Shop_id : unique identifier for the shop
item_id: unique identifier of a product
item_price: current price of an item
date : date in format dd/mm/yyyy
item_cnt_day : number of product sold
date_block_num : a consecutive month number, used for convenience. January 2013 is 0, February 2013 is 1,…, October 2015 is 33
Along with sales training data set we have information about item name , categories name , shop name which we won’t be using in our data set since the naming are in Russian which won’t be easy for an Indian to interpret :) . We will try to forecast our model on the shop_id and item_id. We will be doing summary statisting and data wrangling in next step.
options(warn=-1)
library(dplyr)
##
## Attaching package: 'dplyr'
## The following objects are masked from 'package:stats':
##
## filter, lag
## The following objects are masked from 'package:base':
##
## intersect, setdiff, setequal, union
library(ggplot2)
sales_train$date1<- as.Date(sales_train$date,"%d.%m.%Y")
sales_train$year<- lubridate::year(sales_train$date1)
sales_train$month<- lubridate::month(sales_train$date1)
sales_train$day<- lubridate::day(sales_train$date1)
sales_train_store <- sales_train%>%group_by(shop_id,date_block_num)%>%summarize(package_moved =sum(item_cnt_day))%>%arrange(shop_id,date_block_num)
## `summarise()` has grouped output by 'shop_id'. You can override using the `.groups` argument.

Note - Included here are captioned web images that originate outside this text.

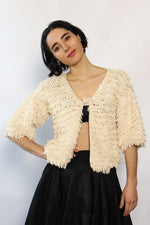 Shaggy Cream Cardi XS-M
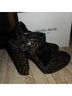 Charles David Checkered-gingham Black Gold Heels Size 8 - photo 5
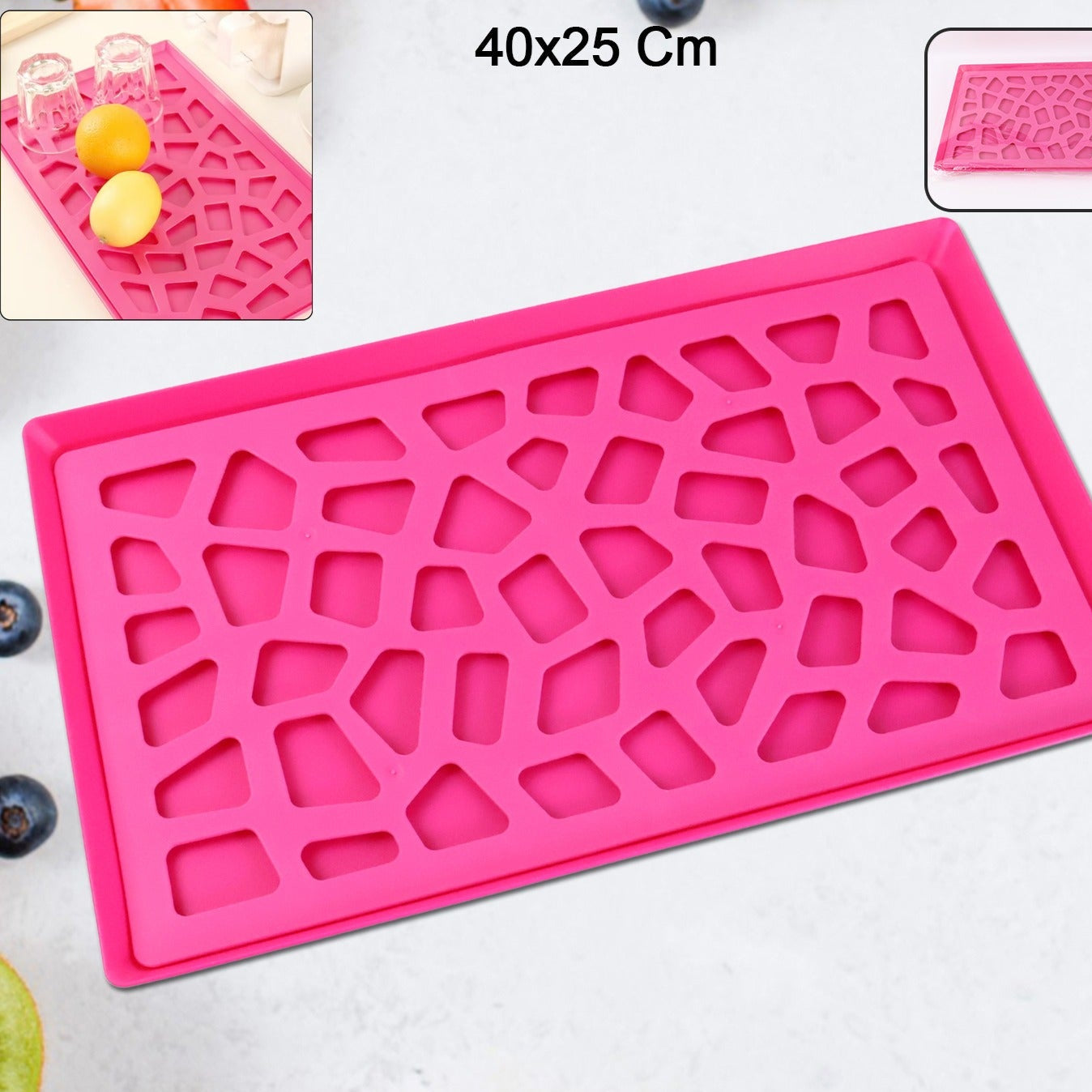 Plastic Kitchen Tray With Modern Hollow Design (40x25 Cm) - Happy Price - Image 1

sales_train_store <- filter(sales_train_store , date_block_num %in% 22:33)
summary(sales_train_store)
## shop_id date_block_num package_moved
## Min. : 2 Min. :22.0 Min. : -1
## 1st Qu.:18 1st Qu.:24.0 1st Qu.: 966
## Median :34 Median :27.0 Median : 1340
## Mean :32 Mean :27.3 Mean : 1915
## 3rd Qu.:47 3rd Qu.:30.0 3rd Qu.: 2084
## Max. :59 Max. :33.0 Max. :14610
ggplot2::ggplot(sales_train_store, ggplot2::aes(x=date_block_num,y=package_moved,color=shop_id))+geom_point()+geom_line()+
theme_classic()+theme(panel.grid=element_blank())
options(warn=-1)
sales_store_req <- sales_train %>% group_by(shop_id) %>% summarise(package_moved = sum(item_cnt_day))%>%arrange(desc(package_moved ))
### shop id =31 & 25 have highest number of package moved in category so we cut_off our data only for this 2 id
sales_train_top_store <- filter(sales_train, shop_id ==31)

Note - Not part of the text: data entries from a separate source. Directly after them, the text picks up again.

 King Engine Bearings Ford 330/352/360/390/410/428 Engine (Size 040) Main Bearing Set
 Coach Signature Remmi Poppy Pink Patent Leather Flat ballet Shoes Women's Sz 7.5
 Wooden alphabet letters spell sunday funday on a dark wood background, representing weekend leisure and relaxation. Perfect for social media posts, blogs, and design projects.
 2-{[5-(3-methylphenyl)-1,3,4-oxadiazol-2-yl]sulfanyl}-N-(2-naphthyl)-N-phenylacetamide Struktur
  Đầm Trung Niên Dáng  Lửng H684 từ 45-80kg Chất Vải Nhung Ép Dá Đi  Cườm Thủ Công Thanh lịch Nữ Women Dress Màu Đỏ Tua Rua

sales_train_top_store$shop_id<- as.vector(sales_train_top_store$shop_id)
sales_train_top_store_month <- sales_train_top_store%>% group_by(shop_id,date1) %>% summarize(package_moved = sum(item_cnt_day))%>% arrange(date1)
## `summarise()` has grouped output by 'shop_id'. You can override using the `.groups` argument.

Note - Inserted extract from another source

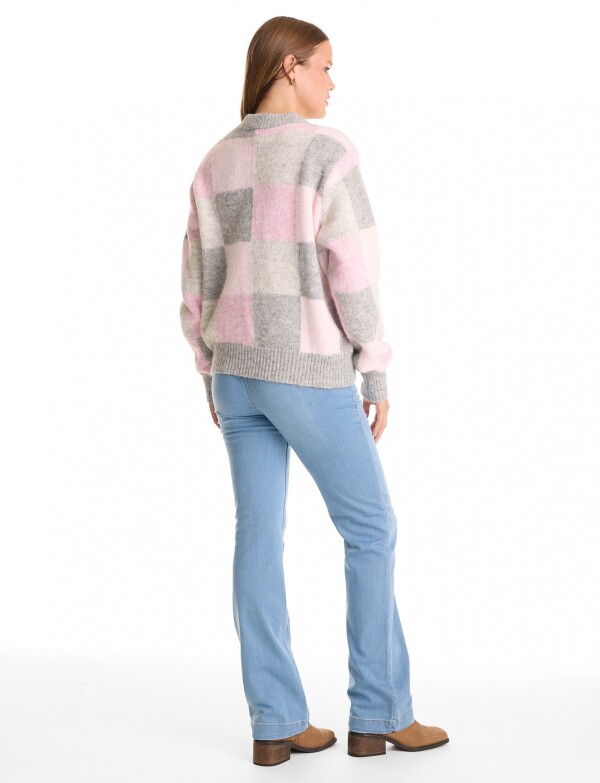 Buzo Lana Cuadros ROSA/MULTI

ggplot2::ggplot(sales_train_top_store_month, ggplot2::aes(x=date1,y=package_moved,color=shop_id))+geom_point()+geom_line()+
theme_classic()+theme(panel.grid=element_blank())
options(warn=-1)
boxplot(sales_train_top_store_month$package_moved,main = "Average Box moved on daily basis by store")
summary(sales_train_top_store_month$package_moved)
## Min. 1st Qu. Median Mean 3rd Qu. Max.
## 102.0 221.5 275.0 301.4 358.5 1080.0
options(warn=-1)
sales_train_top_store_month$package_moved <- ifelse(sales_train_top_store_month$package_moved > 700 ,650,sales_train_top_store_month$package_moved)
ggplot2::ggplot(sales_train_top_store_month, ggplot2::aes(x=date1,y=package_moved,color=shop_id))+geom_point()+geom_line()+
theme_classic()+theme(panel.grid=element_blank())
options(warn=-1)
sales_train_top_store_month$index<- 1:1031
reg<- lm(package_moved ~ index,data= sales_train_top_store_month)
summary(reg)
##
## Call:
## lm(formula = package_moved ~ index, data = sales_train_top_store_month)
##
## Residuals:
## Min 1Q Median 3Q Max
## -192.54 -66.97 -20.58 43.50 426.71
##
## Coefficients:
## Estimate Std. Error t value Pr(>|t|)
## (Intercept) 384.83352 6.02257 63.90 <2e-16 ***
## index -0.16765 0.01011 -16.58 <2e-16 ***
## ---
## Signif. codes: 0 '***' 0.001 '**' 0.01 '*' 0.05 '.' 0.1 ' ' 1
##
## Residual standard error: 96.62 on 1029 degrees of freedom
## Multiple R-squared: 0.2109, Adjusted R-squared: 0.2101
## F-statistic: 275 on 1 and 1029 DF, p-value: < 2.2e-16
##The fitness of the model is very low as Adjusted R-sq is 21% so it is not a good fit for time series data.